_EXERCISE GOAL_: Go to the line below that contains "Mobile brigade policemen". From there to the end of the records, reproduce each line exactly, except the pictures.

_DATA TO USE_:
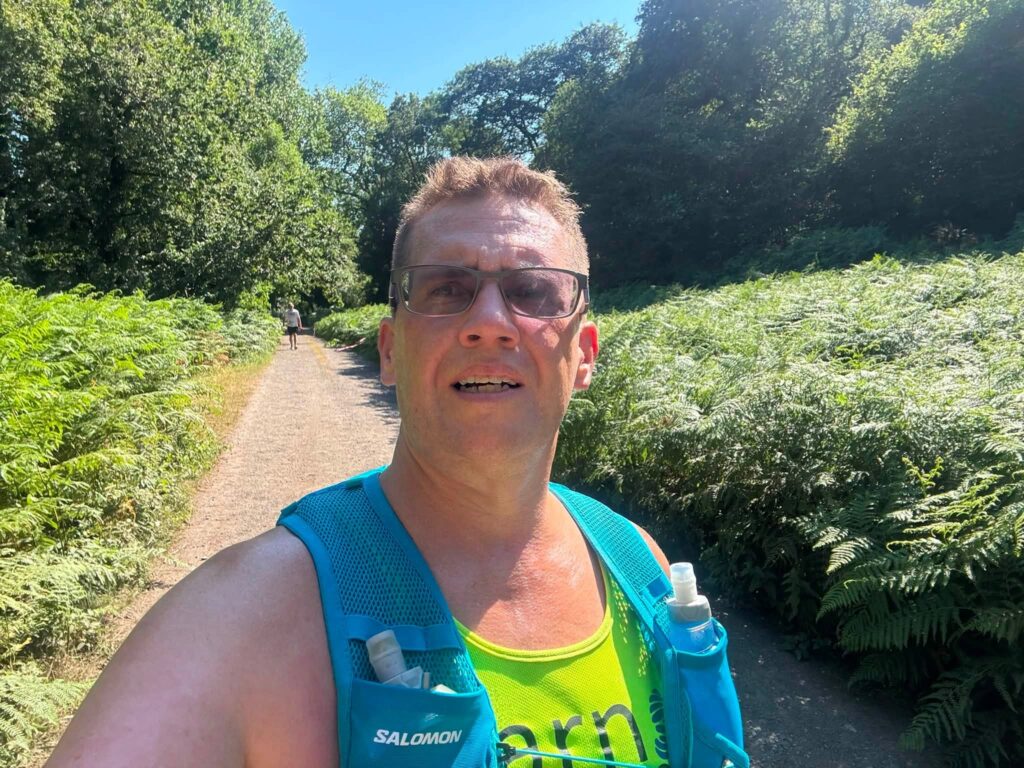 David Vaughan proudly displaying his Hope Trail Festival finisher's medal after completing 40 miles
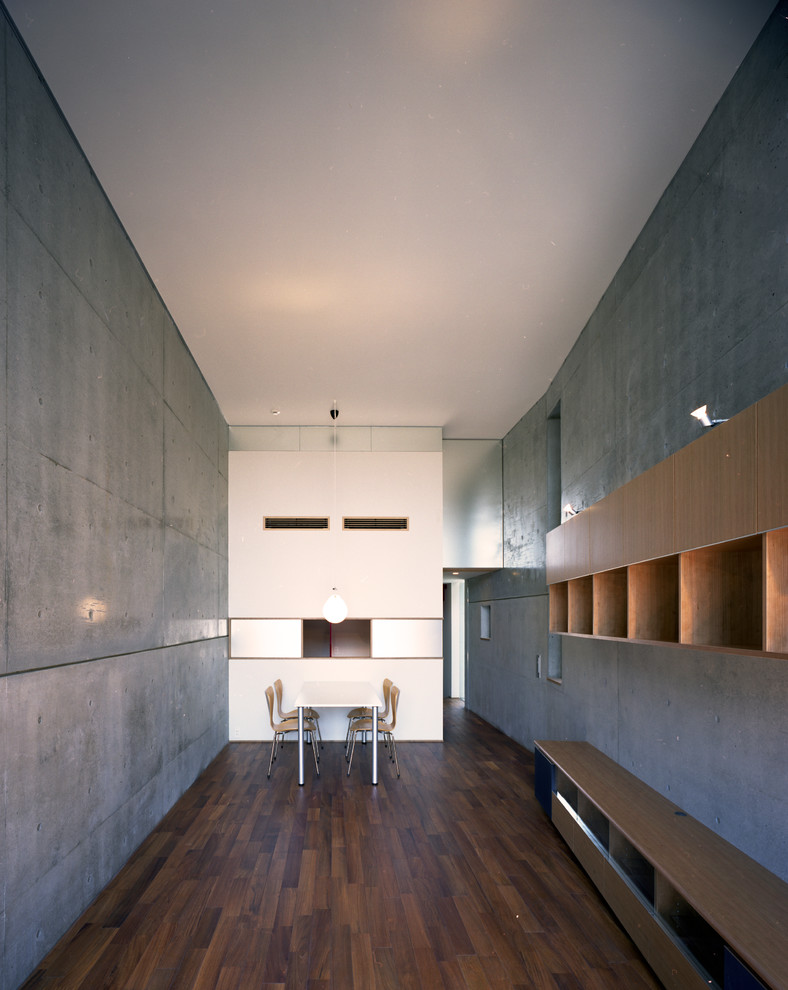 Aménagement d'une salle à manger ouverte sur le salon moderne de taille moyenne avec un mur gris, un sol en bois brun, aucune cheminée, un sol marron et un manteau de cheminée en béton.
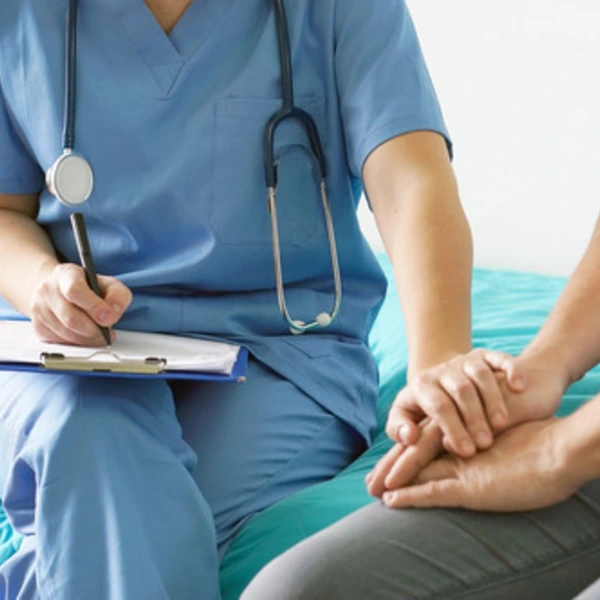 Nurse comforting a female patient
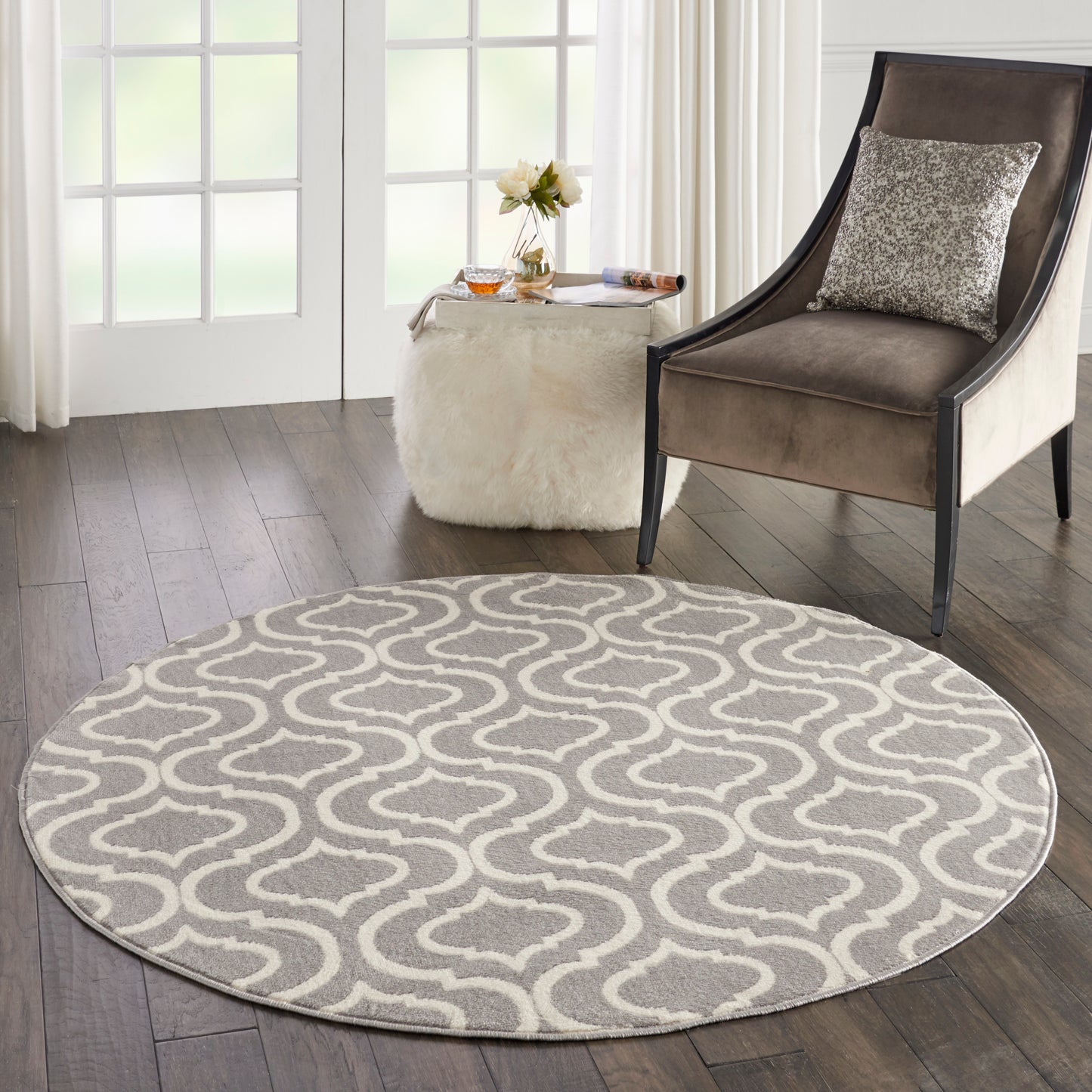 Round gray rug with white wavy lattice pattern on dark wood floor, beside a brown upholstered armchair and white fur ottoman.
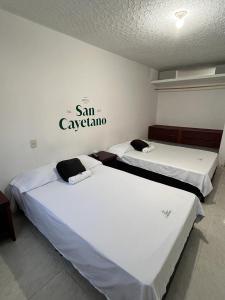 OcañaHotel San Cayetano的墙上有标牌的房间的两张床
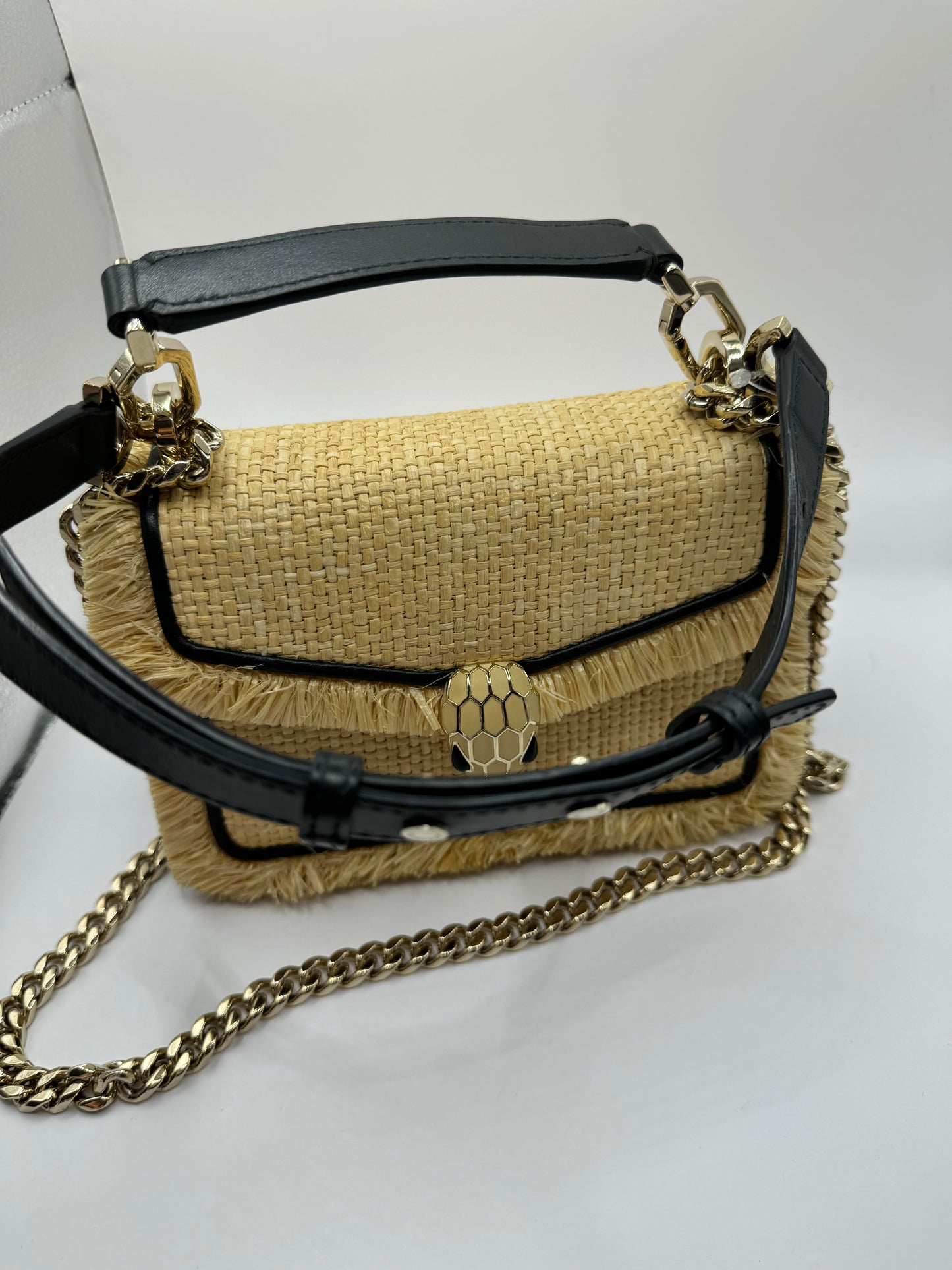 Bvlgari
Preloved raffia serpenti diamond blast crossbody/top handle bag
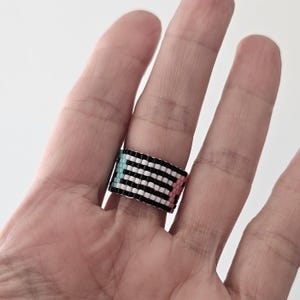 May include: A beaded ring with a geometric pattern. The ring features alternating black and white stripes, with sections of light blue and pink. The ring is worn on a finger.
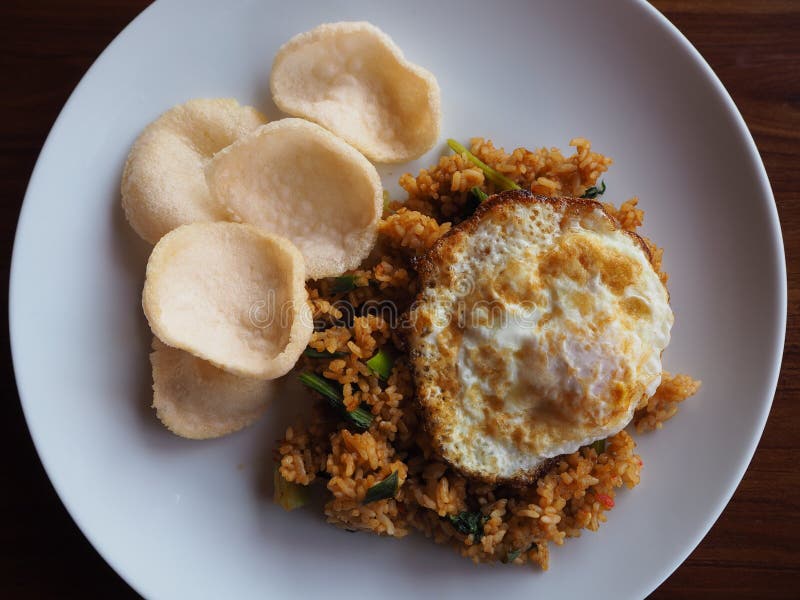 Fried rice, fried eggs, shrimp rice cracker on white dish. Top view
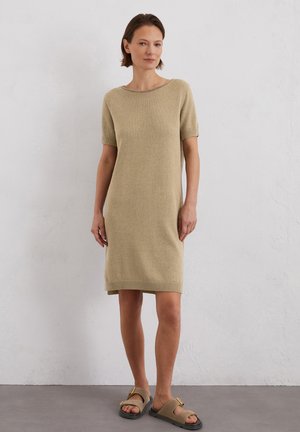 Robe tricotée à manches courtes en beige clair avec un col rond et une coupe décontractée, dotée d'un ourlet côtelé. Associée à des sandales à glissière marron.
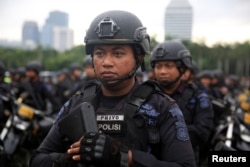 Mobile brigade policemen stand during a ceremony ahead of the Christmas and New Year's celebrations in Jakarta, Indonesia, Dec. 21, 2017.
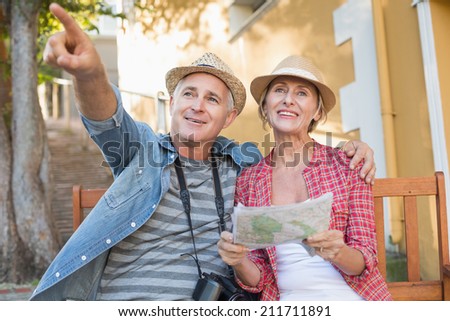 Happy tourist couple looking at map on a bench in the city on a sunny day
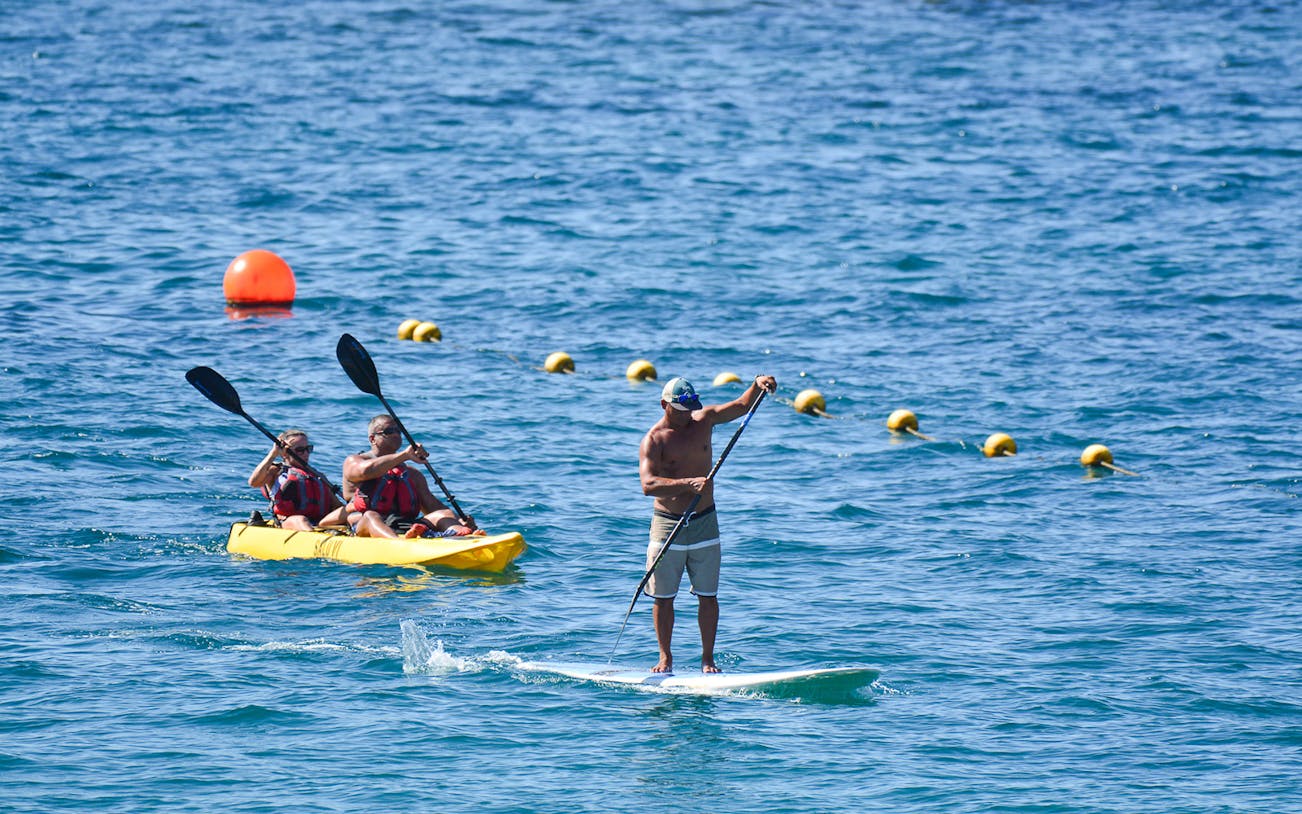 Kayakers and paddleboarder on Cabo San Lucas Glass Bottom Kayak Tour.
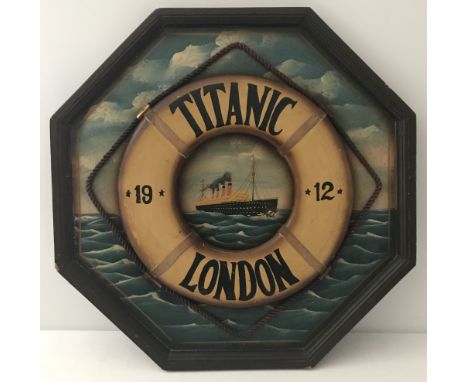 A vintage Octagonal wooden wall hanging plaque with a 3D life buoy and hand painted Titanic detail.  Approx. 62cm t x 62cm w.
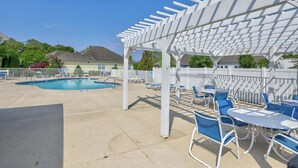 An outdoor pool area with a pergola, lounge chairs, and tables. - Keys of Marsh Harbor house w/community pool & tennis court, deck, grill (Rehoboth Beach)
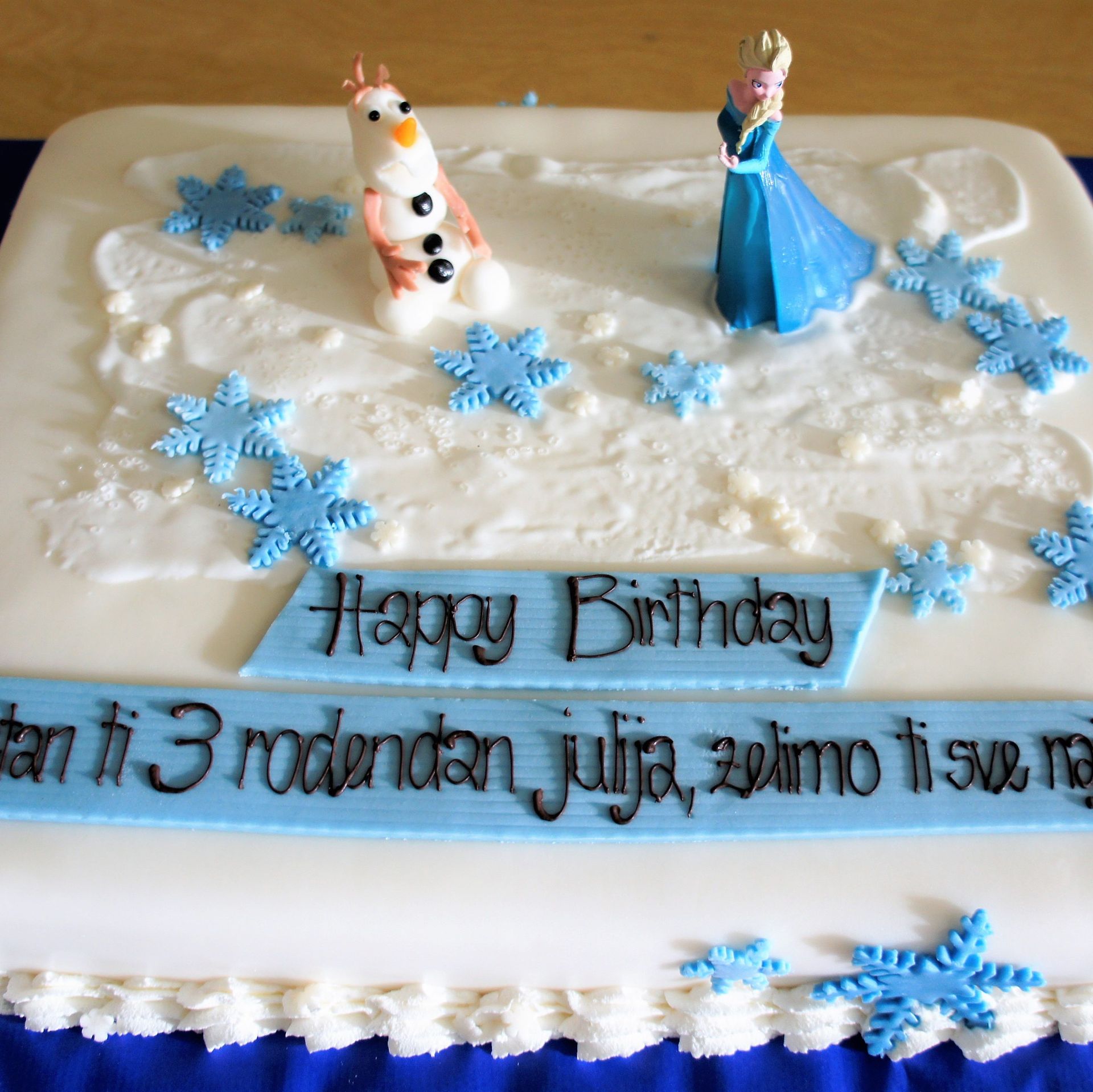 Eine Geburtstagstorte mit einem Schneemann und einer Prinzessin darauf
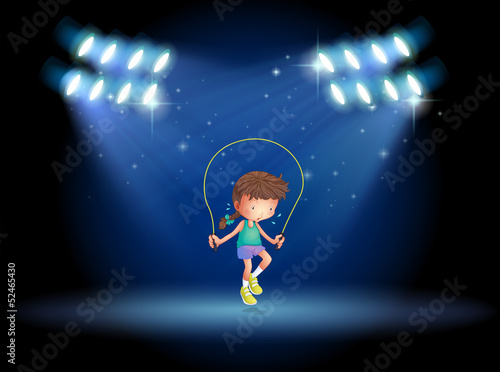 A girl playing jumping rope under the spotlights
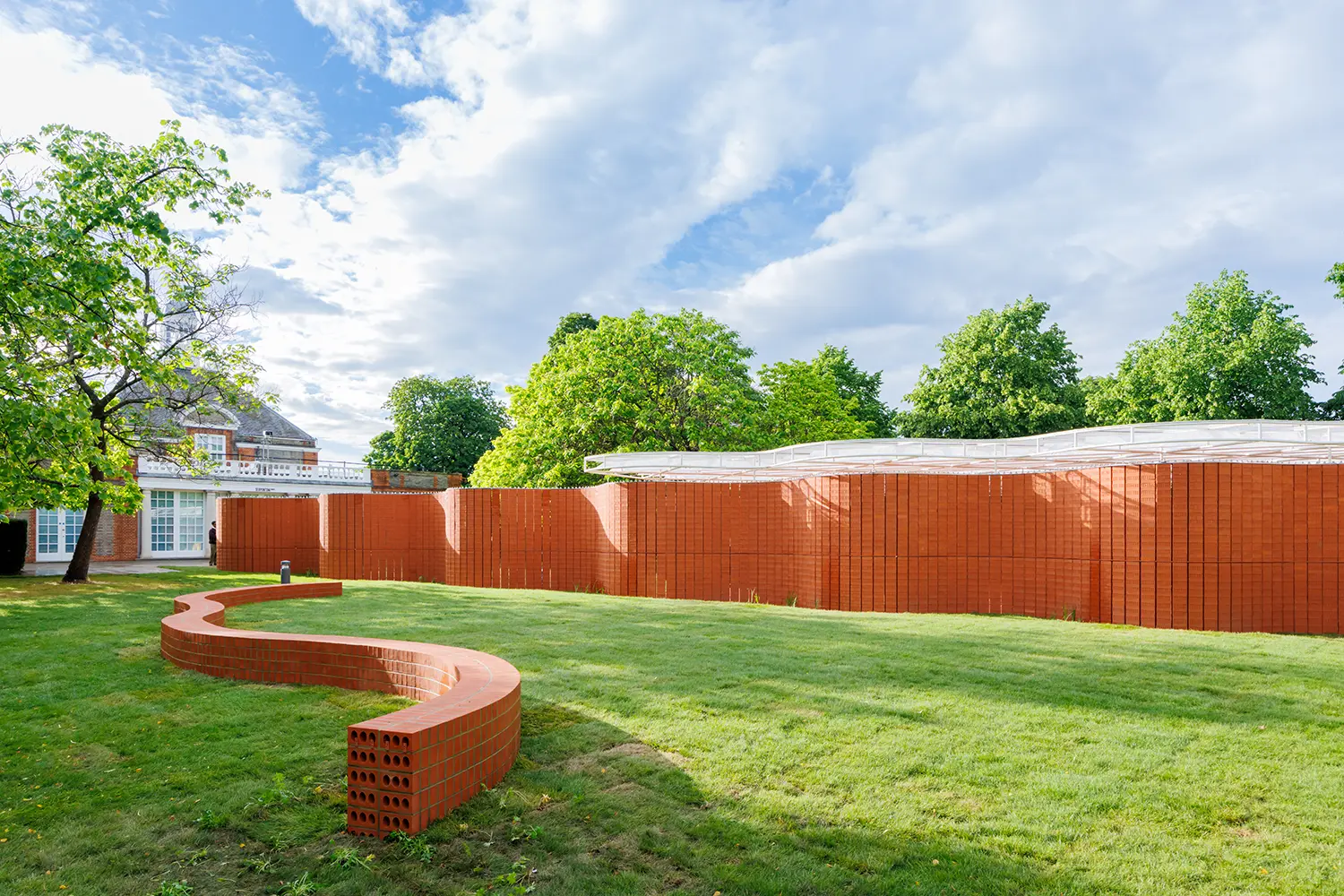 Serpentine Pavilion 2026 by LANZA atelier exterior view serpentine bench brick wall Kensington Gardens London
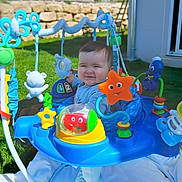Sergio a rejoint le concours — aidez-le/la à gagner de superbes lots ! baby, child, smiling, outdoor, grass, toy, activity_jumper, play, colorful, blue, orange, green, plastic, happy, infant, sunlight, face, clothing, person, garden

_FINISHED EXERCISE_:
 Mobile brigade policemen stand during a ceremony ahead of the Christmas and New Year's celebrations in Jakarta, Indonesia, Dec. 21, 2017.
 Happy tourist couple looking at map on a bench in the city on a sunny day
 Kayakers and paddleboarder on Cabo San Lucas Glass Bottom Kayak Tour.
 A vintage Octagonal wooden wall hanging plaque with a 3D life buoy and hand painted Titanic detail.  Approx. 62cm t x 62cm w.
 An outdoor pool area with a pergola, lounge chairs, and tables. - Keys of Marsh Harbor house w/community pool & tennis court, deck, grill (Rehoboth Beach)
 Eine Geburtstagstorte mit einem Schneemann und einer Prinzessin darauf
 A girl playing jumping rope under the spotlights
 Serpentine Pavilion 2026 by LANZA atelier exterior view serpentine bench brick wall Kensington Gardens London
Sergio a rejoint le concours — aidez-le/la à gagner de superbes lots ! baby, child, smiling, outdoor, grass, toy, activity_jumper, play, colorful, blue, orange, green, plastic, happy, infant, sunlight, face, clothing, person, garden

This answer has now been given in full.